7) Meditating and disconnecting
When you’re feeling good about yourself, optimism and excitement aren’t far behind. And when you have that kind of feeling, your day will always be worth it. So how do you achieve that state of mind? Meditation seems to be the answer, with various neurological benefits linked to the ancient practice, such as improving attention and concentration.
Even if the idea of sitting in one place for too long already makes you feel jittery, you can opt to power off all your devices at the end of the day instead.
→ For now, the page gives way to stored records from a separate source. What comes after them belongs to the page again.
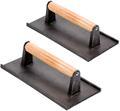 Cast Iron BBQ Heavy-Duty Meat Bacon Press with Wood Handle1
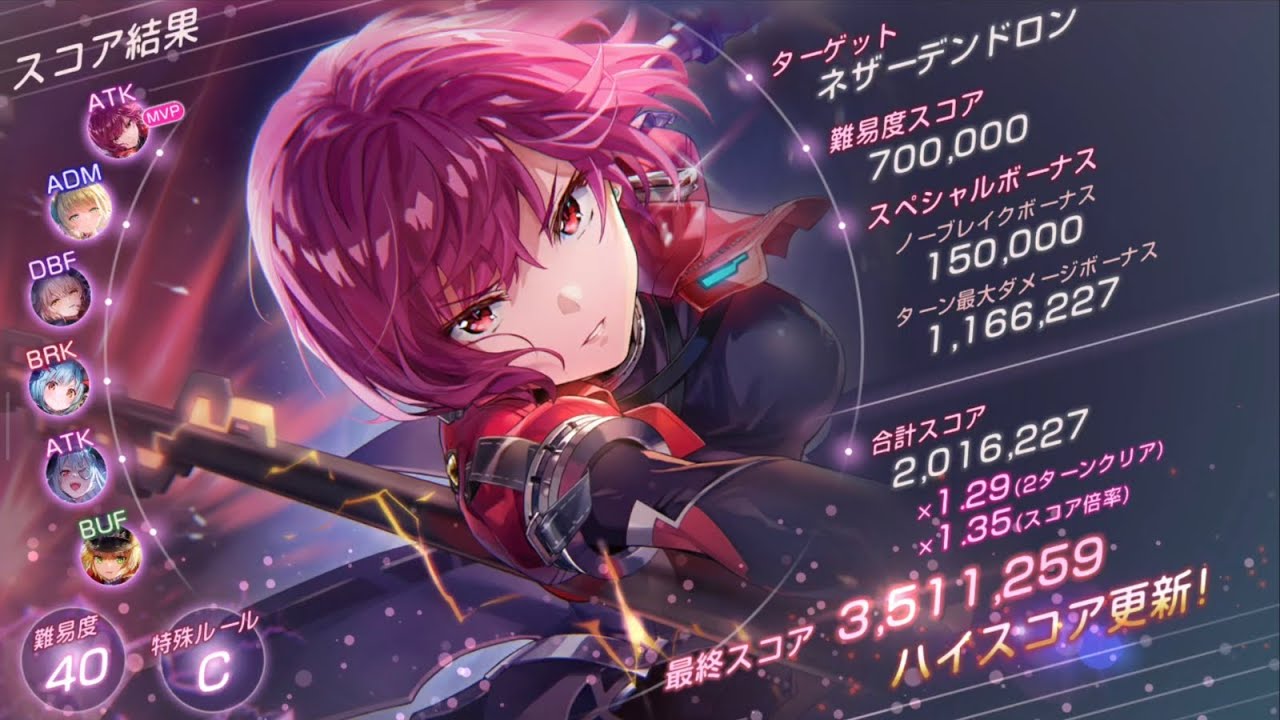 【ヘブバン】第91回スコアタ「ネザーデンドロン」雷パ350万 1凸手塚（魔王軍） 2ターン【ヘブンバーンズレッド】【スコアアタック】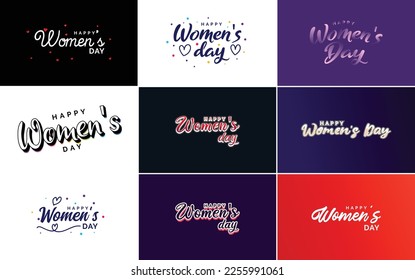 International Women's Day lettering with a love shape. suitable for use in cards. invitations. banners. posters. postcards. stickers. and social media posts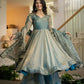 Teal Shimmer Silk Angrakha Anarkali Palazzo Set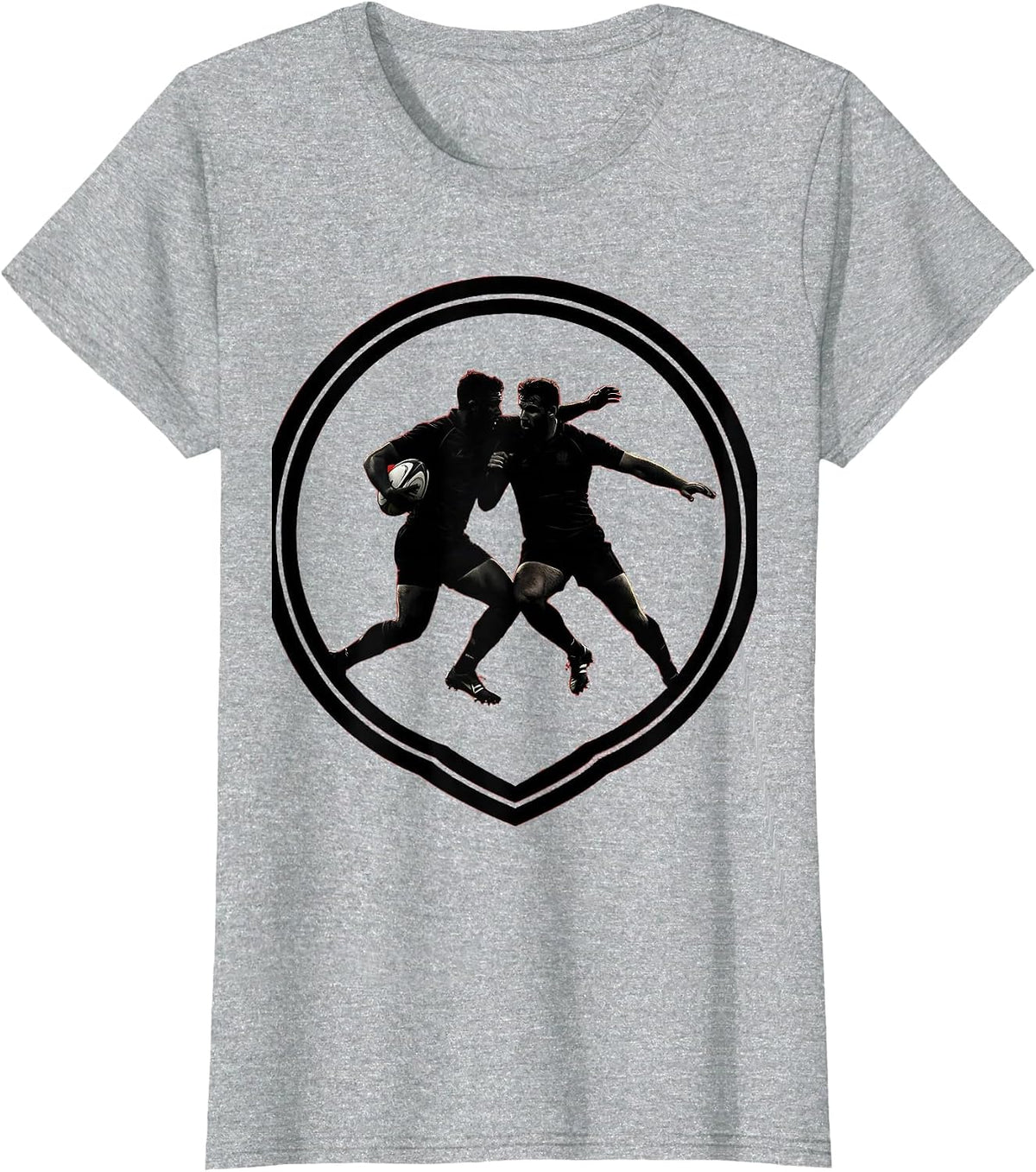 Rugby Collision Impact Graphic Tee T-Shirt - Heather Grey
This habit gives you time to disconnect from the never-ending demands of the real world and focus on properly resting so you can get back to the grind feeling refreshed.
8) Networking all day, every day
Networking is possibly the most important habit one would need to cultivate in order to gain an advantage over their peers – your own secret weapon. It’s not only for landing you good career opportunities, you’d also be able to secure key clients should the need ever arise. You’d also be getting valuable industry-related trends in addition to a large pool of resources for a variety of your career needs. Sold yet?
Don’t just reach out to every contact you have on Facebook and LinkedIn, or hand out your name card to every person you meet at events. Remember, people will be more likely to help someone they know and trust. A simpler way is to be your authentic self and keep in contact with your current circle, slowly expanding through introductions.
“When you work on something, you get the feeling that you’ve achieved something,” said Masako Wakamiya, the 82-year old app developer. Also known as Japan’s ‘golden coder’, she never let her age deter her from self-learning code to make a game app for the elderly.
If you’ve read this far, take heart from Ms Wakamiya’s story and never stop reaching for new heights. You already have eight new habits to learn, so good luck!